=== Data ===

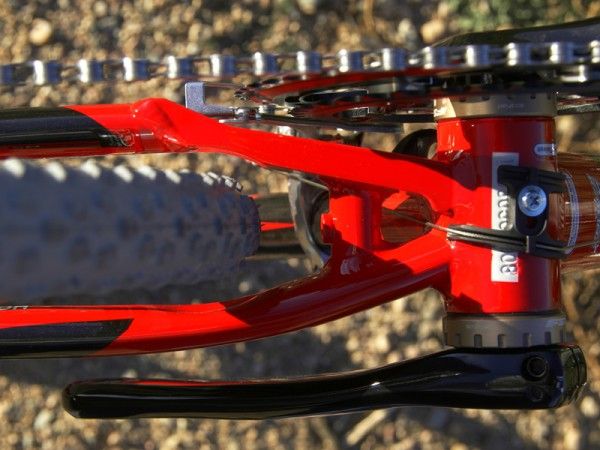 The extruded driveside chainstay yoke leaves gob of room for muck and grime. Fender mounts means the Conquest Team will work well for commuting or foul-weather road riding, too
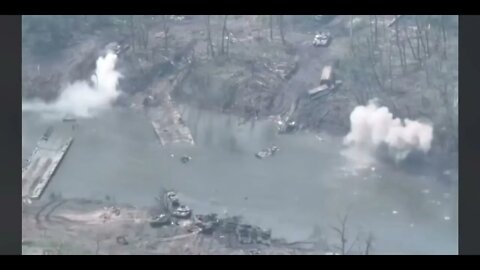 Russian Armored Vehicles Drowned in the Siverskyi Donets River!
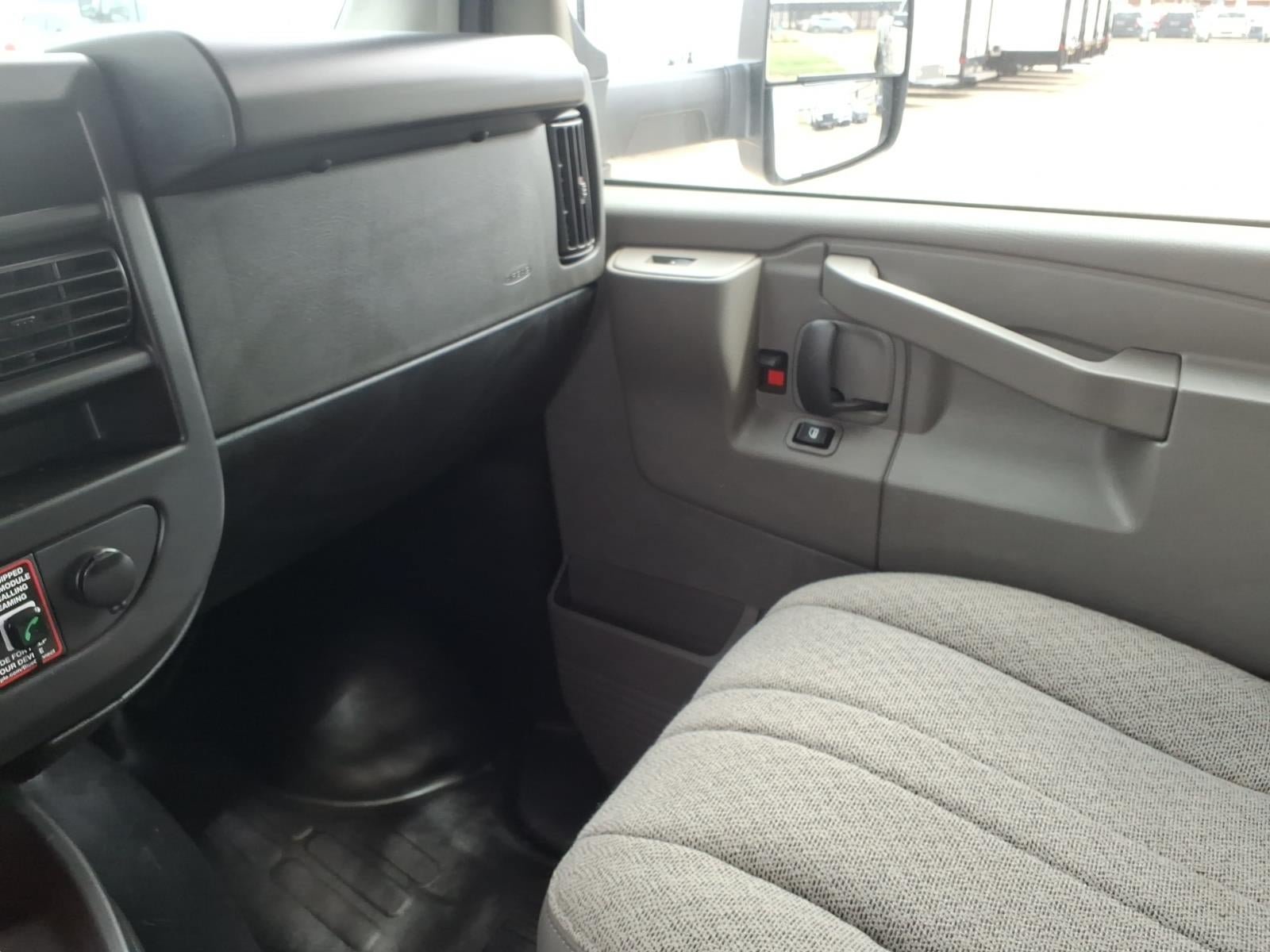 New 2026 Chevrolet Express 4500 w/ Power Convenience Package RWD image 12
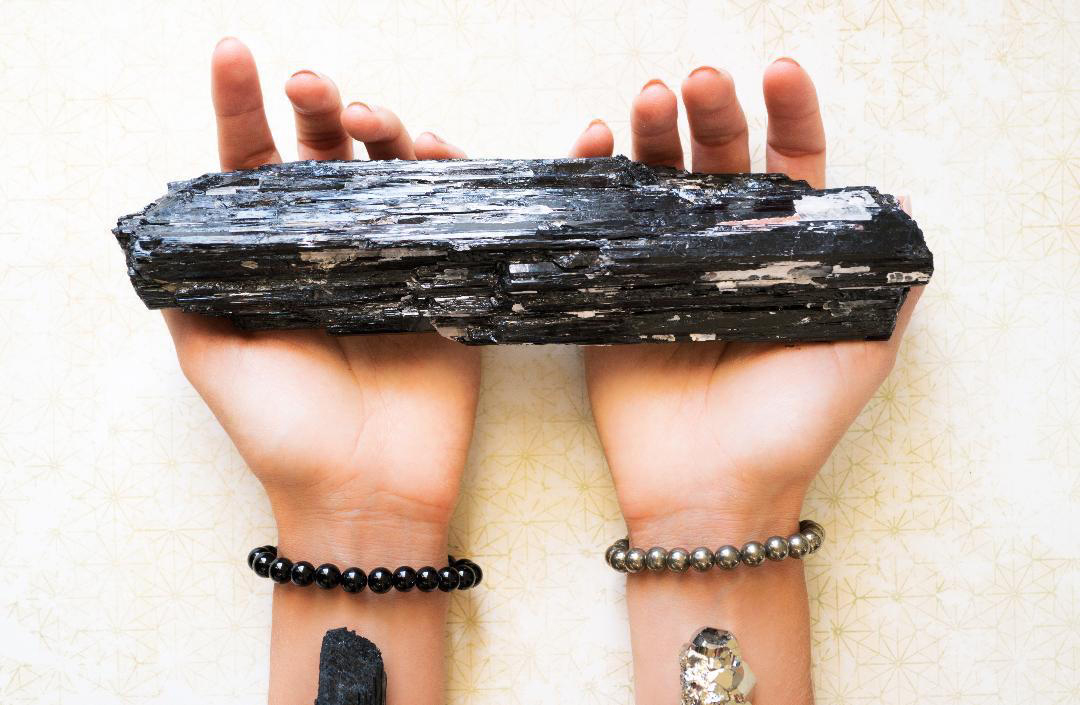 black-tourmaline-for-eliminating-negative-energy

=== Your goal ===
Could you print the listing above exactly, without the pictures?

=== Answer to the problem ===
 The extruded driveside chainstay yoke leaves gob of room for muck and grime. Fender mounts means the Conquest Team will work well for commuting or foul-weather road riding, too
 Russian Armored Vehicles Drowned in the Siverskyi Donets River!
 New 2026 Chevrolet Express 4500 w/ Power Convenience Package RWD image 12
 black-tourmaline-for-eliminating-negative-energy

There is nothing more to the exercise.